Epithets: Cypris (Lady of Cyprus), Cythereia (Lady of Cythera, an island off the southern coast of the Peloponnese), Paphian (Lady of Paphos, a town on Crete), Urania (Daughter of Uranus), Smile-loving goddess, Goddess of smiles and deceit

Symbols: doves

Goddess of erotic love and beauty

The Birth of Venus
The Birth of Venus in the Casa della Venere in Conchiglia in Pompeii

Two Stories on the Birth of Aphrodite

Aphrodite has two origins. Hesiod says that Aphrodite came from the frothy mix of sea foam and Uranus’ genitals when Cronus dismembered his father [see Origins]. She washed ashore either at the city of Paphos on Cyprus (accounting for her epithets Cypris and Paphian) or on the island Cythera (thus the epithet Cythereia).  Paphos was also the site of Aphrodite’s main temple on Cyprus.  Homer calls Aphrodite the daughter of Zeus and Dione, who was either a Titan or one of the daughters of Oceanus.  The name, Dione, is also the feminine form of Zeus’ name.

Aphrodite
Aphrodite rising from the sea with the help of her attendants on the Ludovisi Throne in the Palazzo Altemps in Rome

Aphrodite’s Unhappy Marriage

Aphrodite was married to the blacksmith god, Hephaestus, but the two never had any children. This is not to say Aphrodite never had children, in fact she had several children from her long-standing affair with the war god, Ares. Together they had Harmonia (who was married to the Theban King, Cadmus), Eros (known as Cupid in Latin), Phobus (Panic), and Deimus (Fear). Hephaestus was not happy when he learned of this affair and trapped the lovers in a net [see Hephaestus].

Aphrodite and Adonis

Aphrodite also had notable mortal lovers, including Adonis and Anchises. Adonis was a handsome young man and Aphrodite fell deeply in love with him. Persephone was also in love with Adonis, so they went to Zeus to decide which one would have the youth’s love [see Persephone]. Zeus split the time into three parts.  He gave one to each goddess and one to Adonis himself to decide where to spend it. Adonis chose to spend his portion of the year with Aphrodite. The deal did not last long though, because Adonis was quite fond of hunting. On a boar hunt, he was gored by the animal and died. Aphrodite was distraught and she induced an anemone to grow from Adonis’ blood.

Aphrodite and Anchises

Anchises was a young Trojan nobleman who tended to herds on Mount Ida. Zeus was angry at Aphrodite for making the gods, especially himself, fall in love with mortals and make fools of themselves pursuing them, so he caused Aphrodite to fall madly in love with Anchises. After she consummated her love for Anchises, Aphrodite made him promise never to tell anyone they slept together, on pain of a thunderbolt from Zeus. (This story is told in the Homeric Hymn to Aphrodite.) But apparently, Anchises could not keep his promise.  The next time we see Anchises, in the Aeneid, he is lame from having been struck by Zeus’ thunderbolt. Anchises clearly did not die from this punishment, but he seems to have been crippled for the rest of his life. The product of their union was Aeneas, whom Aphrodite saved multiple times from death during the Trojan War.

Aphrodite’s Anger

Like other gods, Aphrodite would punish anyone, mortal or god, for slights against her. Theseus’ son Hippolytus became a devotee of the virgin goddess, Artemis, and thus shunned the pleasures of the flesh. This angered Aphrodite, who felt that Hippolytus did not worship her sufficiently. To get back at Hippolytus, she caused his death by making his step-mother, Phaedra, fall in love with him [see Theseus]. She also punished Eos (the goddess of the dawn) for having an affair with Ares by making her fall in love with mortal after mortal.

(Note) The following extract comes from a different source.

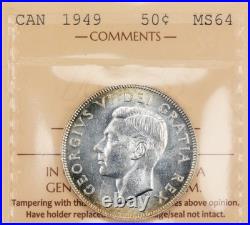 Canada 1949 50 Cents Half Dollar Silver Coin ICCS MS-64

In a story not seen until the Roman period, Venus hounded the beautiful girl, Psyche, just for being beautiful. Psyche (whose name means “soul” in Greek) was so beautiful that the people around her worshipped her instead of Venus. Psyche did not ask for this worship, but Venus wanted to punish her anyway. Venus sent her son Cupid to shoot Psyche with his arrows and make her fall in love with some hideous beast instead. This didn’t go according to plan though, and Cupid fell in love with Psyche himself. Cupid hid Psyche in his palace, not telling her who he was, until she learned his identity through a trick. In his anger at being tricked, Cupid threw her out of his house. Psyche wandered around Greece until she came to a temple of Venus and submitted herself to Venus’ wrath. Venus gave her several impossible tasks, like sorting a large pile of grain in one night or bringing back a jar of water from the Styx.  Venus gave her these tasks hoping she would fail, but the world helped Psyche along the way. Some ants helped her sort the grain and an eagle took the jar and filled it with water from the Styx for her. After Psyche had successfully completed these and other impossible tasks, Cupid forgave her for her deceit. He brought Psyche to Jupiter who put an end to the enmity between Psyche and Venus and allowed the two to marry. This story is told in The Golden Ass by Apuleius.

The Origin of Aphrodite

Aphrodite originally began as a fertility goddess and had close connections with other Near Eastern fertility goddesses such as Astarte, Cybele, and Ishtar. At one point, these may all have been the same goddess. Aphrodite’s main centers of worship were on Cyprus, an island that served as a crossroads between Greece and the Near East, and in Near Eastern sites. Her eastern origins may explain why she favored the Trojans during the Trojan War.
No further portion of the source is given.